The Polish presidency also acted globally, coordinating the EU's position on tax matters. Work was monitored on an ongoing basis in the OECD/G20 BEPS Forum (Base Erosion Profit Shifting), especially on the implementation of the tax reform based on two pillars. After the adoption of Pillar 2 of BEPS in the EU, discussions focused on removing obstacles to the joint implementation of minimum taxation. As for Pillar 1 (taxation of the largest digital corporations), global negotiations are still dragging on, but the ECOFIN Council confirmed its support for developing an international consensus within the OECD.
A new element of the international landscape is the UN initiative on multilateral tax cooperation. In November 2024, the UN General Assembly adopted a resolution initiating work on the UN Framework Convention on Tax Cooperation. During the Polish presidency, the first negotiation meeting took place in New York, where it was agreed to divide the work into three areas. Poland took care to develop a common EU approach in these talks, so that the potential global convention would be complementary to the OECD arrangements.
One of the priorities of the Polish Ministry of Finance was to combat the excessive complexity of tax regulations. On 11 March 2025, the ECOFIN Council unanimously approved conclusions on a program to streamline and simplify tax regulations in the EU. The proposal formulates the principles that the EU should follow when preparing new regulations - emphasis on avoiding duplication of obligations, assessing the effects on the competitiveness of companies and eliminating outdated regulations.
The Polish presidency in the area of taxation proved to be extremely fruitful. It managed to finalize several long-negotiated projects (digital VAT reform and DAC9), give impetus to more difficult dossiers by developing new directions, and also take care of cross-cutting issues - simplification of the system and international cooperation.

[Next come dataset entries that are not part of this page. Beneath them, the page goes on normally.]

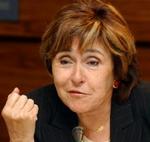 Edith Cresson, der er socialist, var fransk premierminister i tidsrummet 1991-1992. - Arkivfoto: AP 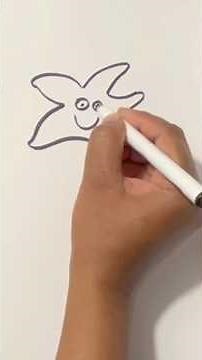 How to draw Starfish step-by-step 😊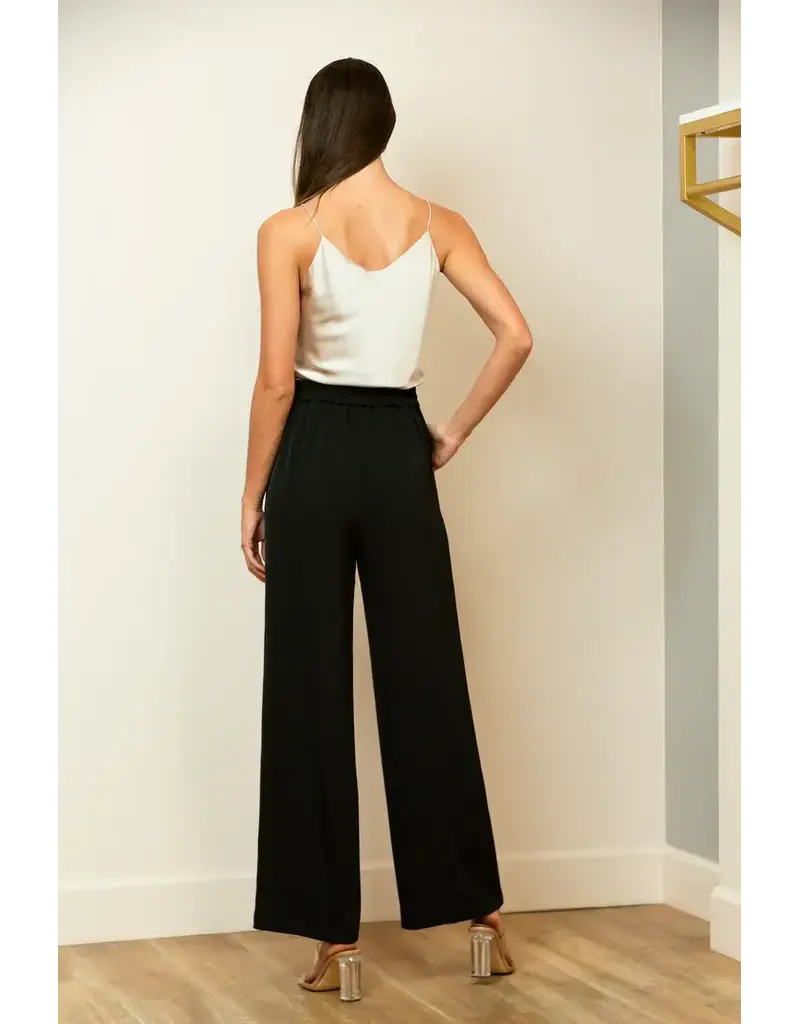 Jessie Liu Pintuck Wide Leg pants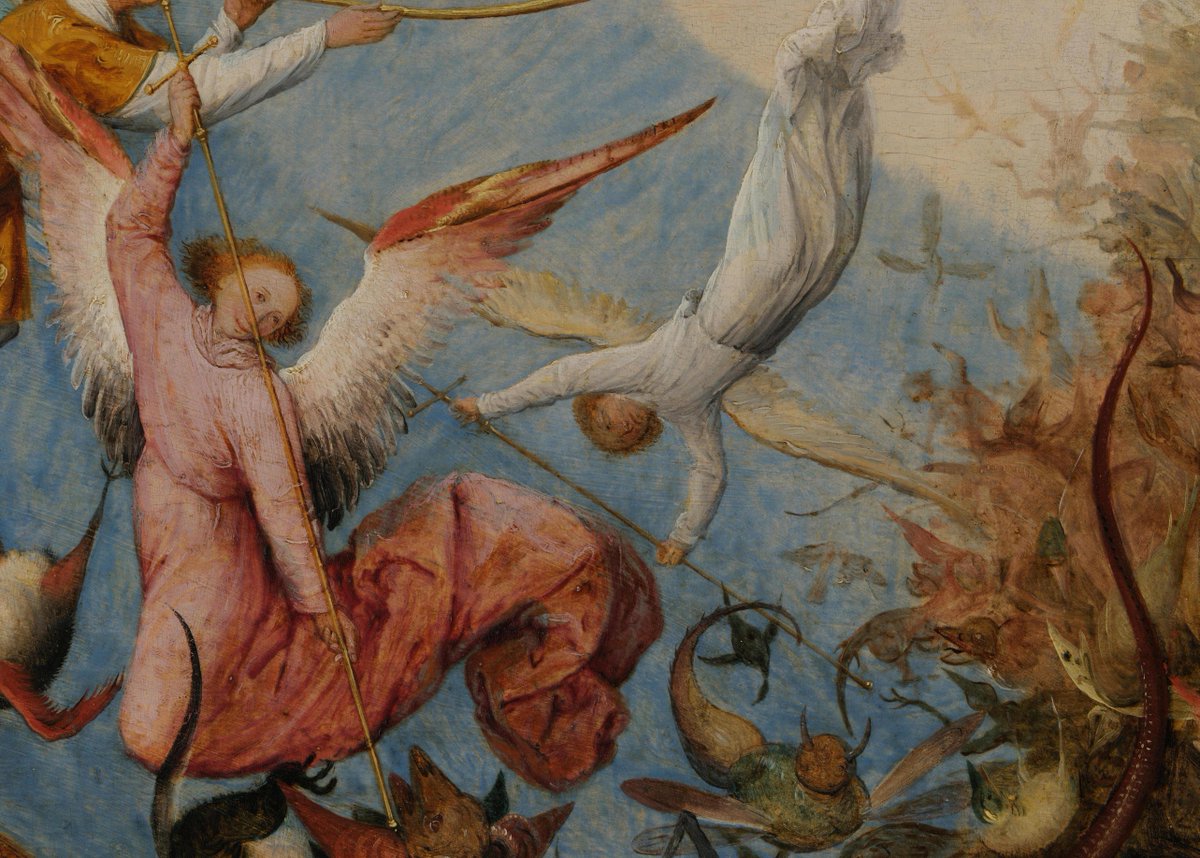 BruegelBot's tweet photo. The Fall of the Rebel Angels https://t.co/Ukc9N9gA9g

For businesses, this means many upcoming legal changes, especially in VAT and settlements of international corporations. It is clear that the Union is moving towards greater harmonization and tax transparency, trying not to add unnecessary burdens. The Polish emphasis on competitiveness and simplicity of regulations was well received - many of the described activities will be continued by subsequent presidencies, maintaining the high rank of tax issues on the EU agenda.